Project Summary
My project uses a simple Elo rating system to calculate a rating for a team based on the wins and losses in the provided dataset. These ratings are stored in DynamoDB for production access. To support querying the rating database, I’ve written a Spring web API in Java, according to the provided API specifications. I’ve also created a simple frontend application for interacting with the API, though the API itself is also publicly documented and accessible.
Technologies Used
---|--- AWS Athena | For loading and querying the provided data during ranking generation AWS DynamoDB | As a production database Python | Data manipulation for generating the rankings Java Spring | As backend API framework AWS Fargate | Compute solution for the backend API AWS ALB | Application load balancing Docker + AWS ECR | Backend API containerization and repository ReactJS | Application frontend AWS S3 | Application frontend hosting
Rating System
The rating system used in this project is a simple implementation of an Elo rating system based on all the games provided in the data. Teams initially have a rating of 1000 and are rewarded or deducted points based on the outcome of each match. Before a match, the probability that each team will win is calculated based on their Elo entering the match:
probability = 1.0 / (1.0 + 10^((elo_2 - elo_1) / 400))
Based on the calculated outcomes, if the expected team wins, they will be awarded points based on their probability of victory entering the match. This value is calculated as a scalar multiplied by the probability. The losing team’s Elo will decrease by the same value.
new elo = scalar * win probability
Using this scheme, teams who are favored to win and do win are rewarded with a smaller number of points than teams that are expected to lose but end up winning (an upset). On the other hand, teams that are predicted to lose and do lose are not penalized as harshly as teams that are expected to win but end up losing.
When calculating the scalar value, I wanted to determine a value that most frequently predicted the expected winner. I did this by testing possible values from 1 to 500, and in each iteration keeping track of the number of upsets encountered. It turns out that in this range, 74 was the scalar value that most-accurately predicted games, with an upset percentage of 37.54%. Worth noting is that as the rating system starts in an “untrained” state, upsets don’t necessarily represent inaccuracies.
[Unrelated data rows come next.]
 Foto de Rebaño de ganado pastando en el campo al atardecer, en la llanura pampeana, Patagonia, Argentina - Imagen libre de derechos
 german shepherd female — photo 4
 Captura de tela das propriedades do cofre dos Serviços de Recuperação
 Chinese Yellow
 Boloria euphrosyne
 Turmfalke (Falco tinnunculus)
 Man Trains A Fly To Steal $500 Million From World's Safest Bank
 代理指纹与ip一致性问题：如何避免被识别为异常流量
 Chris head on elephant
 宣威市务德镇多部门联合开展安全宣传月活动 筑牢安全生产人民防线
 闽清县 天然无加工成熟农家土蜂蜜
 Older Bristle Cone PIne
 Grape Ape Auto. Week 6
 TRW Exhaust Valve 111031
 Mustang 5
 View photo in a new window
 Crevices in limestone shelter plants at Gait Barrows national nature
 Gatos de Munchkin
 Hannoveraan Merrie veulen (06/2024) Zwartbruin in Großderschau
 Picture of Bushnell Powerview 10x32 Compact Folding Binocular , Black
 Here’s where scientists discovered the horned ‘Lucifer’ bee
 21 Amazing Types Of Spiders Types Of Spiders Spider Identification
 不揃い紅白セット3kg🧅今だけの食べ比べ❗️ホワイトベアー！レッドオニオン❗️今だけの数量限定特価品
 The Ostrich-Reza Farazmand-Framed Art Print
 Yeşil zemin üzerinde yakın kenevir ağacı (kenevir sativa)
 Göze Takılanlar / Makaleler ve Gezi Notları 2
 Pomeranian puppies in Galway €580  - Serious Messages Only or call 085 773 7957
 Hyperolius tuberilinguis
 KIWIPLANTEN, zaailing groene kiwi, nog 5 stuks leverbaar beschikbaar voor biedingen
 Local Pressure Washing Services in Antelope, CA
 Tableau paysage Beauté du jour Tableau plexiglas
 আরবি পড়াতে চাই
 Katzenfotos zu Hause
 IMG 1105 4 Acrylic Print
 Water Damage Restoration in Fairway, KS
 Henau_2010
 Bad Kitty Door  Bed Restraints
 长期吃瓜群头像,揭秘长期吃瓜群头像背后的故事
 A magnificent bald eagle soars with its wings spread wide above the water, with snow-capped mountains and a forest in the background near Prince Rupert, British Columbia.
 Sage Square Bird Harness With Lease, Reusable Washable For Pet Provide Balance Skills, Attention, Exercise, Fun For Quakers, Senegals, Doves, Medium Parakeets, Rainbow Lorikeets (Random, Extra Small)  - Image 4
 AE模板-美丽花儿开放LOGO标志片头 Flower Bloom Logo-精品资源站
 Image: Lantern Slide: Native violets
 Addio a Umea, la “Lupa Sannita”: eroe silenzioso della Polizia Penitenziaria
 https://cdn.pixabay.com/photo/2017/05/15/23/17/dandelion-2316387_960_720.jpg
Using this system, I wrote a set of Python scripts to query Athena for the data that I wanted, namely teams and the games that they played. I ran these inputs against the rating system, and published the data to DynamoDb, which I wanted to use as a production data store.
Backend
To facilitate interactions with the DynamoDb, I wrote an API in Java using the Spring framework. Spring was selected due to my familiarity with the framework, but also because I wanted the API to be portable and easily containerized. Spring also has excellent package support and is easy to get up and running quickly.
The API is built mostly to the spec provided, with a few exceptions. First, I wanted to include the ELO rating as part of the ranking results, so that it could be displayed in the frontend. Second, I added a few endpoints for getting the entire set of teams and tournaments, also for utility purposes for the frontend. Lastly, I added a simple health endpoint for ALB health checks.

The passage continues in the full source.